You can make the serial port run in inverted mode. For a previous person I posted the following snippet as a way to do what they wanted:
#include "USARTClass.h"
Usart *_pUsart;
void setup() {
// put your setup code here, to run once:
_pUsart = USART0; //USART0 is Serial1, change this for other serial ports
_pUsart->US_MR = US_MR_USART_MODE_RS485 | US_MR_USCLKS_MCK | US_MR_CHRL_8_BIT | US_MR_PAR_EVEN |
US_MR_NBSTOP_1_BIT | US_MR_CHMODE_NORMAL;
}
void loop() {
// put your main code here, to run repeatedly:
}
You can do the same thing. You need to set inverted mode in your mode call and you probably don't want many of the other options that that user needed.
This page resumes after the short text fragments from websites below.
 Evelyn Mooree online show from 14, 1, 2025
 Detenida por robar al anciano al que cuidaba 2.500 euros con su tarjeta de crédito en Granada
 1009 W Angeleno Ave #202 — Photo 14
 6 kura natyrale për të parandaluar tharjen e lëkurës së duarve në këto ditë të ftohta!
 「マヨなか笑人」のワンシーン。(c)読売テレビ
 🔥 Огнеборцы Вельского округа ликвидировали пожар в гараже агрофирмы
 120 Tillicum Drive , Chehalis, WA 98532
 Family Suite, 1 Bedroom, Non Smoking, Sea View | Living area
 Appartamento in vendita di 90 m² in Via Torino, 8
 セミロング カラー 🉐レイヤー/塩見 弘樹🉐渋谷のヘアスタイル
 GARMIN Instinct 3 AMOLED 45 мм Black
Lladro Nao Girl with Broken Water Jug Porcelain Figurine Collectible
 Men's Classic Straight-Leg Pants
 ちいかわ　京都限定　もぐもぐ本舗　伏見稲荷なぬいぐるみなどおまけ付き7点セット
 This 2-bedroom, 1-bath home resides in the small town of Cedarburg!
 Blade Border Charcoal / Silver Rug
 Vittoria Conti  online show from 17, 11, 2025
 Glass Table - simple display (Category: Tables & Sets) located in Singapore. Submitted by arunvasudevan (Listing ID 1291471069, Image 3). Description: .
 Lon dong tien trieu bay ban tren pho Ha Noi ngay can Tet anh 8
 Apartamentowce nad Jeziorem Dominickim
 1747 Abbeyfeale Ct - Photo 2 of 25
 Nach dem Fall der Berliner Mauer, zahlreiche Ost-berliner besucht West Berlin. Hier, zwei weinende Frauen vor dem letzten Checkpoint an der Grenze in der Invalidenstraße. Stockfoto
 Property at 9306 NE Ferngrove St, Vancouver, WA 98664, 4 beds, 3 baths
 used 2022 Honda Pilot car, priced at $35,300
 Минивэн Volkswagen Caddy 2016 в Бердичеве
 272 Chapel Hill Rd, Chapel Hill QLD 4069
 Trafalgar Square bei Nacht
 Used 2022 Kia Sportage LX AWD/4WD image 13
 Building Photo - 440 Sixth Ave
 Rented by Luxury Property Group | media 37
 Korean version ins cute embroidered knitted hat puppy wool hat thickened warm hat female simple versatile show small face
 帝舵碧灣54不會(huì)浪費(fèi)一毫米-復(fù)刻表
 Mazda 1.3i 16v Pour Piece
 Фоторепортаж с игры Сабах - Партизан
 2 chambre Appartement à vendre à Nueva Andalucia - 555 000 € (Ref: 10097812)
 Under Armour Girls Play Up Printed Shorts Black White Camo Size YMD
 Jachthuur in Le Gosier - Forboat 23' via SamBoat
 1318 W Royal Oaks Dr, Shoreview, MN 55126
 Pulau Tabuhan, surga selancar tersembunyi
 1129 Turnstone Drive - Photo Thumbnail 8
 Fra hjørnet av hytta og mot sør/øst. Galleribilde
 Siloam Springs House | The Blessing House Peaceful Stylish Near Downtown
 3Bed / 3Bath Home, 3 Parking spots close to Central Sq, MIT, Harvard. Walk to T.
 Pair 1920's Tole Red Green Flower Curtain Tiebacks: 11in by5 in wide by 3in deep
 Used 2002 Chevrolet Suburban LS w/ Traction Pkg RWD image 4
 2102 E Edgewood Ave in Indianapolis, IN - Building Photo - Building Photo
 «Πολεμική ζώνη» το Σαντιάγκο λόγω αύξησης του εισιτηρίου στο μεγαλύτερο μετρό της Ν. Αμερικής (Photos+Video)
But, you could do this:
_pUsart->US_MR = US_MR_USART_MODE_NORMAL | US_MR_USCLKS_MCK | US_MR_CHRL_8_BIT | US_MR_PAR_NO |
US_MR_NBSTOP_1_BIT | US_MR_CHMODE_NORMAL | US_MR_INVDATA;
All of these mode setting definitions are found in arduino/sam/system/CMSIS/Device/ATMEL/sam3xa/include/component/component_usart.h
And, remember, all that code was setting the mode for Serial1. If you aren't using Serial1 then you will need to that _pUsart = line. Serial is NOT a USART but rather a UART and the mode definitions are probably different. You should still be able to do the same basic thing but you'll have to look up the mode bits.